Als Ursache des Unglücks, bei dem keine Menschen zu Schaden kamen, nannte Günter Hollmann, Mitglied des Krisenstabes „Oostzee“, die unsachgemäße Lagerung der Giftfässer, die entgegen den Vorschriften direkt auf dem Schiffsboden aufgestellt worden waren. Auch seien die Fässer nicht richtig gestapelt gewesen. Leergefäße sind bei schwerem Seegangzusammengedrückt worden und hatten dadurch das Verrutschen der Ladung ermöglicht.

Michael Hegenauer vom Verband der Chemischen Industrie hält eine Erweiterung der Gesetze zum Gefahrguttransport auf See nicht für nötig. Christoph Thies, der für Greenpeace als zeitweiliger Beobachter im Krisenstab war, betonte hingegen, das Beispiel Oostzee habe gezeigt, dass derartige Ereignisse prinzipiell nicht beherrschbar seien. Er plädierte dafür, durch eine Erhöhung der Transportkosten die Gefahrgüter auf kürzere und ungefährlichere Wege zu zwingen. Nur so könne erreicht werden, dass die Käufer solcher Güter sich nach dem nächstgelegenen Hersteller richteten und nicht nach dem billigsten.
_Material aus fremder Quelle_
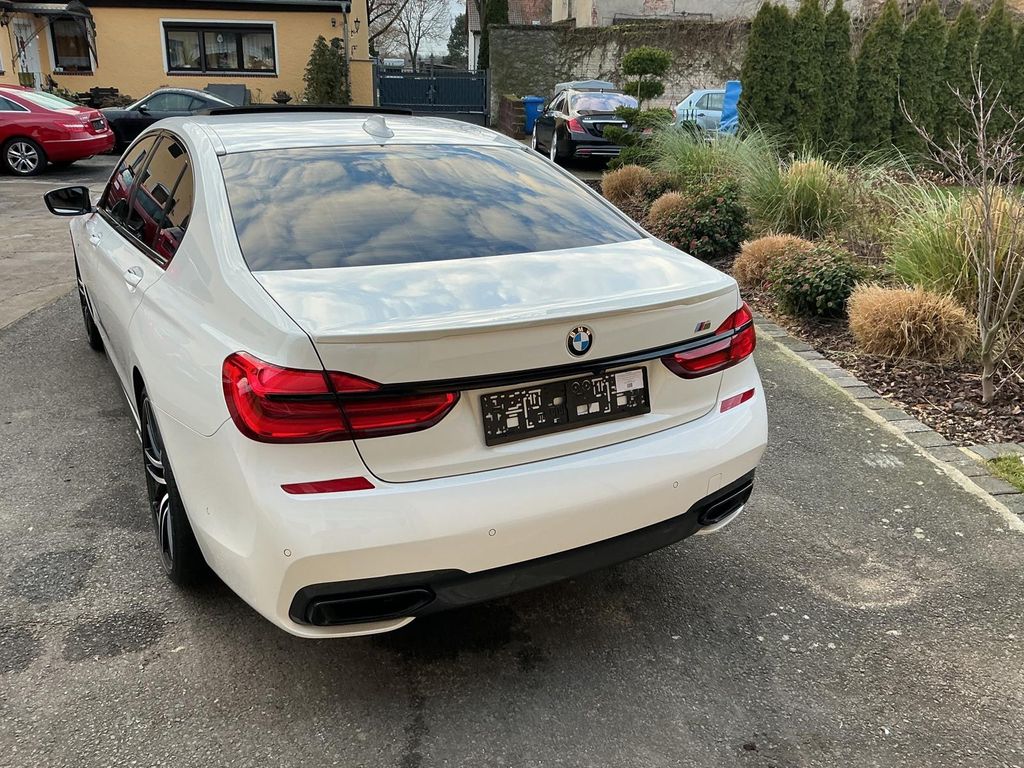 BMW 750 2018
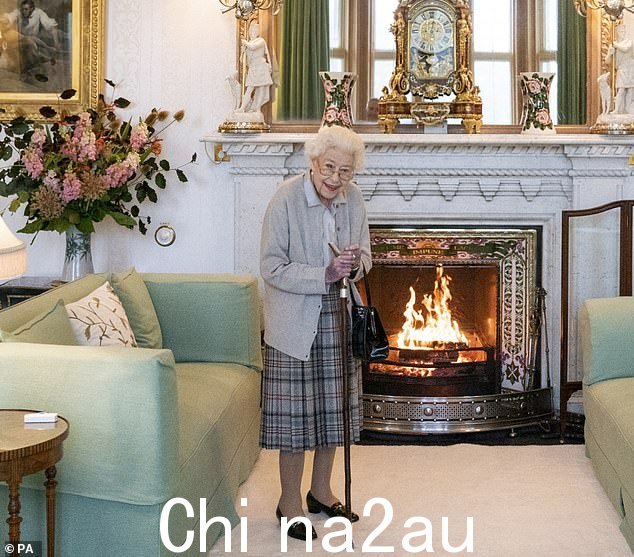 伊丽莎白女王去年去世前不久的照片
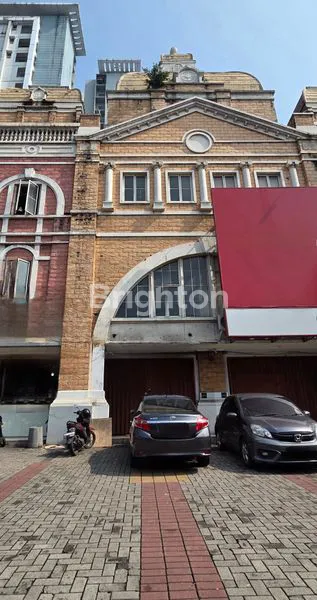 image RUKO 3 LANTAI DI PARAMOUNT CENTER, GADING SERPONG (1)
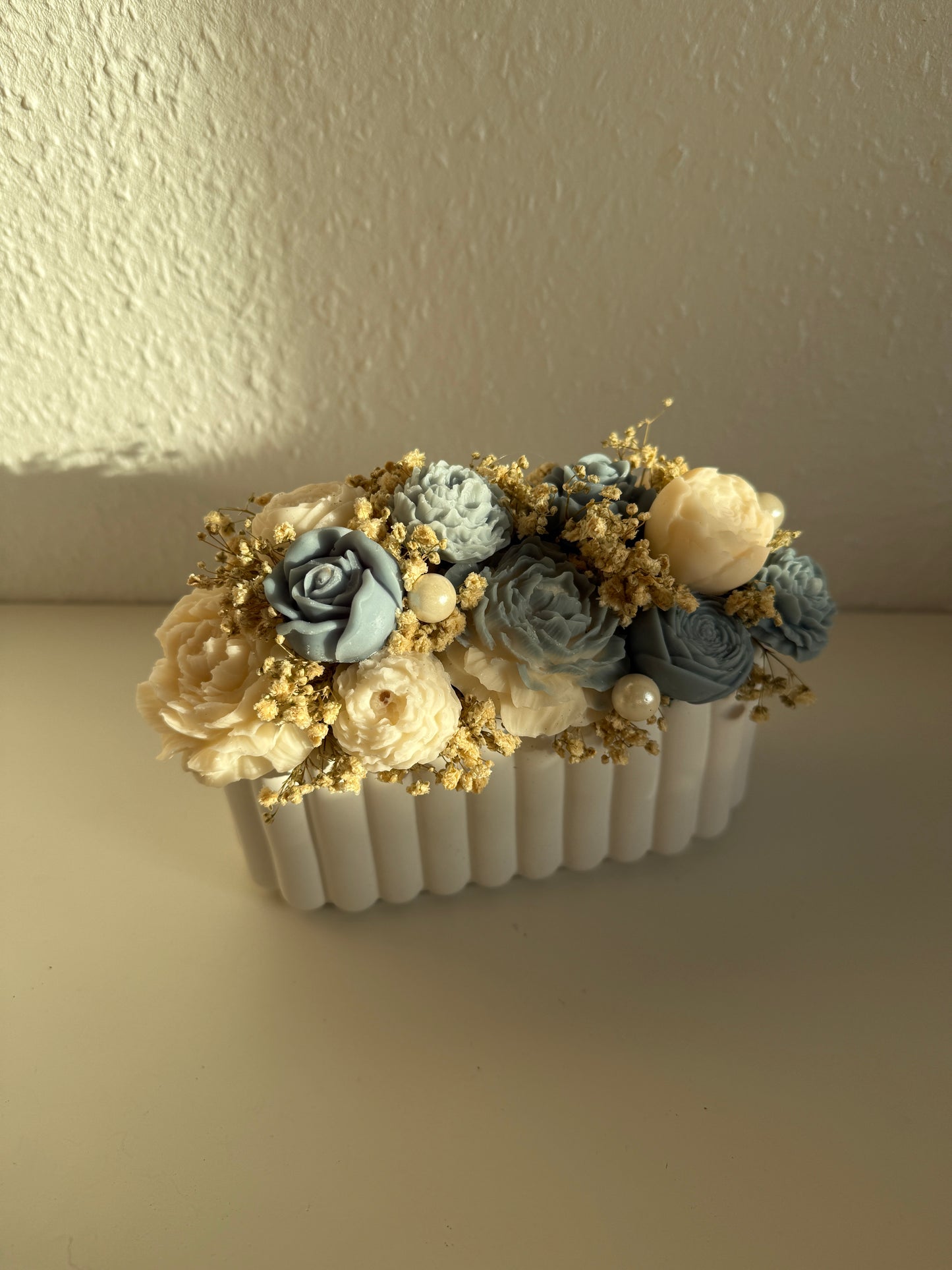 Forever Flowers in selbstgegossenem Gefäß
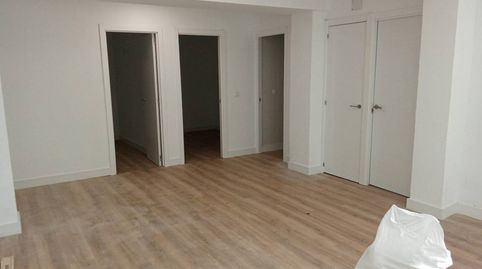 PISO EN VENTA RECIEN REFORMADO CON DERECHO A OTRA VIVIENDA, imatge 3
(erschienen in der WELT am 9. August 1989)

59-info@2xWas ist daraus geworden? Unter den vielen Unfällen auf See sorgte dieser für besondere Aufregung, obwohl zumindest unmittelbar keine Menschen zu Schade kamen. Unter anderem berichteten damals auch der Spiegel und die Zeit. Zehn Jahre später wurden mehrere Krebserkrankungen und Todesfälle mit der Katastrophe in Verbindung gebracht, heißt es in einem Artikel der WELT. Laut einem Rückblick von Eige Wiese, der 2014 im Hamburger Abendblatt erschienen ist, hat die schleswig-holsteinische Landesregierung mittlerweile in Zusammenhang mit der „Oostzee“ allein 17 anerkannte Dienstunfälle bei Polizisten eingeräumt. Die Witwen zweier Wasserschutzbeamten, die an seltenen Krebserkrankungen verstorben waren, hätten jahrelang auf Entschädigung geklagt. Um auf ähnliche Katastrophen künftig besser vorbereitet zu sein, hatte das Verkehrsministerium seinerzeit den Auftrag zur Konstruktion spezieller Bergungsschiffe erteilt, auf denen vor allem die Rettungsmannschaften bei ihrer Arbeit besser geschützt sind. Vier solcher Schiffe sind mittlerweile im Dienst. Außerdem, berichtet Wiese, hätten 13 Feuerwehren in norddeutschen Küstenländern spezielle Teams für die Bekämpfung solcher Unfälle gebildet, die alle die gleiche Ausbildung erhalten haben und die gleichen Geräte benutzen.